听说过多次,在华林苑中将桓秘等人羞辱的不轻,虽然自己不再场,但桓秘曾在卢竦面前大骂过韩暮。据说此人极为难缠,卢竦暗自加了小心。
“既是朝廷命官,该言语持重,注意分寸,真当没人治得了你了么?”卢竦开始用大帽子压人了。
“万事抬不过一个理字,我若说的在情在理,何人治我的罪呢?”韩暮依然带着让人心烦意乱的笑意。
“贫道好心帮樊大人爱女驱除鬼障,怎地得罪你了,樊大人,今日之事贫道定禀告圣上,请圣上裁夺谁是谁非,告辞,哼!”卢竦甩袖要溜。
樊世仁两边不能得罪,但卢竦抬了皇上出来,自然顾不得韩暮这边急忙哀求卢竦息怒,转头朝韩暮道:“韩将军,您这是怎么了?看在樊某薄面上,给天师陪个礼如何?天师擒拿鬼怪之事大家亲眼得见,你怎么可胡乱诋毁仙长。”
韩暮暗恨这蠢货差点把女儿推入火坑,但此时无瑕细说,卢竦正撂脚要跑呢,让他跑了就没办法戳穿他的把戏了。

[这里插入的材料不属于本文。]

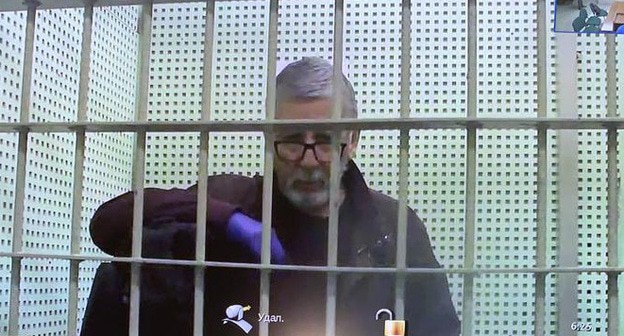 Дагир Хасавов на мониторе в Мосгорсуде по видеоконфенцсвязи из СИЗО с залом заседания, май 2020 года. Фото "Кавказского узла" Дагир Хасавов на мониторе в Мосгорсуде по видеоконфенцсвязи из СИЗО с залом заседания, май 2020 года. Фото "Кавказского узла"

“张大人,请帮我把住楼门,今天这事是我挑起的,我给大家一个交代,没交代完谁也不准走。”韩暮朝张玄一拱手。
张玄脑子都成浆糊了,也想弄明白到底怎么回事,于是不假思索的迈步来到门前,拔出佩剑将门堵死。
卢竦双眼闪过一丝怒色,几名同来的小道士纷纷亮出兵刃。
韩暮大喝道:“大晋禁卫军统领张玄张大人在此公干,谁敢反抗格杀勿论。”
众人一愣都呆在原地,张玄既然揭破身份,伸手在怀中将禁卫军统领腰牌掏出,亮了一亮道:“我和韩将军听闻有人在此妖言惑众,干那不齿的勾当,所以微服来此调查;若卢天师觉得冤枉的话,大可等韩将军将话说完再走不迟,以免落下话柄。”
卢竦无言以对,只得狠狠的盯了樊世仁一眼;樊世仁被他用眼剜的心惊肉跳,心里无比委屈,本来以为这两人是来看热闹,借机和天师攀交情的,没想到是来拆台的。

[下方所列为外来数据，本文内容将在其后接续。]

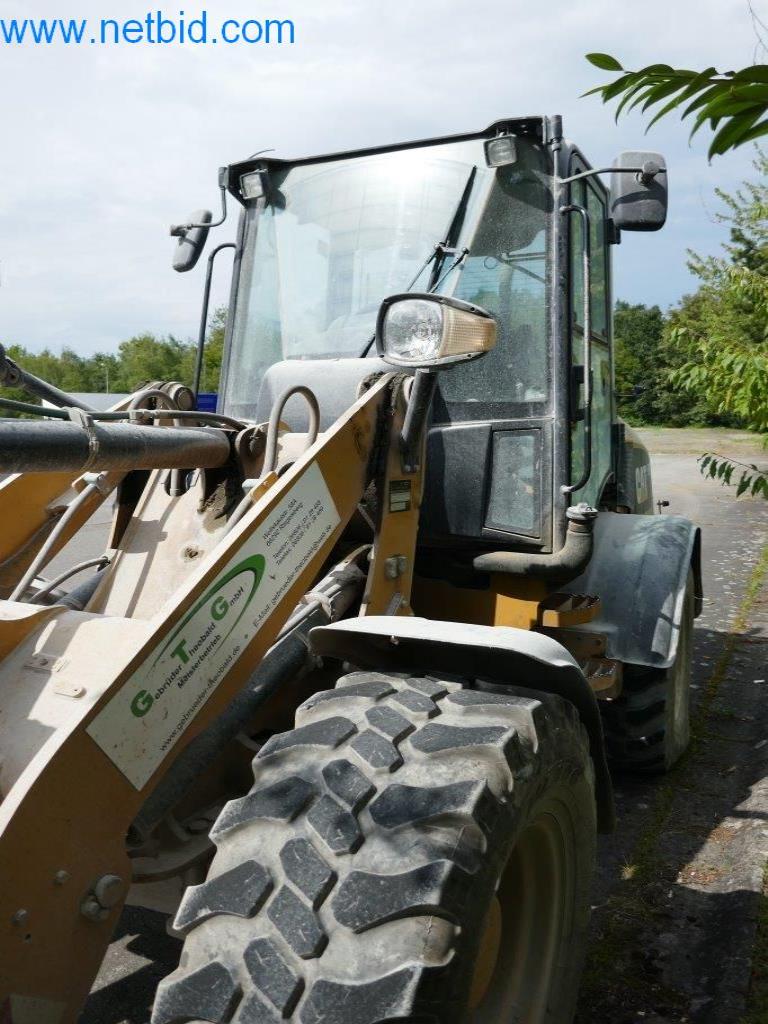 Machines et équipement d'une entreprise de construction de routes-12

卢竦见事已至此,反而镇定下来,大咧咧往座椅上一靠道:“韩施主既然如此,便请你来分说分说吧。”
韩暮哈哈一笑道:“说不如行,不如我也来驱驱鬼;樊大人,借你仆役一用如何?”樊世仁没好气的道:“你用便用,何须问我。”
韩暮冷笑一声,在一名樊府仆役耳边低语几声,那仆役领命而去,不一会仆役拿了一小碗红通通的液体来到院中,韩暮避开众人,自到院中用清水勾兑的一番,直到也呈现和卢竦所用的画符之水一般的淡红色。
又自顾自的在卢竦所用的黄纸里抽了几张,卢竦靠在座椅上冷眼看着韩暮折腾。
韩暮拿了黄纸,在院内用毛笔蘸上勾兑的红色液体写了四张,回来后贴在小楼门上。张玄一看差点一个踉跄跌倒。只见黄纸上写着一副对联;左书:雕虫小技右写:何足挂齿。
韩暮同样将所有人拢进小楼里,依样关上房门。
众人神态各异;韩暮面露微笑胸有成竹;张玄面露狐疑提剑四顾;樊世仁面有忧色茫然发呆;卢竦表情木然,闭目入定;其余各人均面面相觑,不知所云。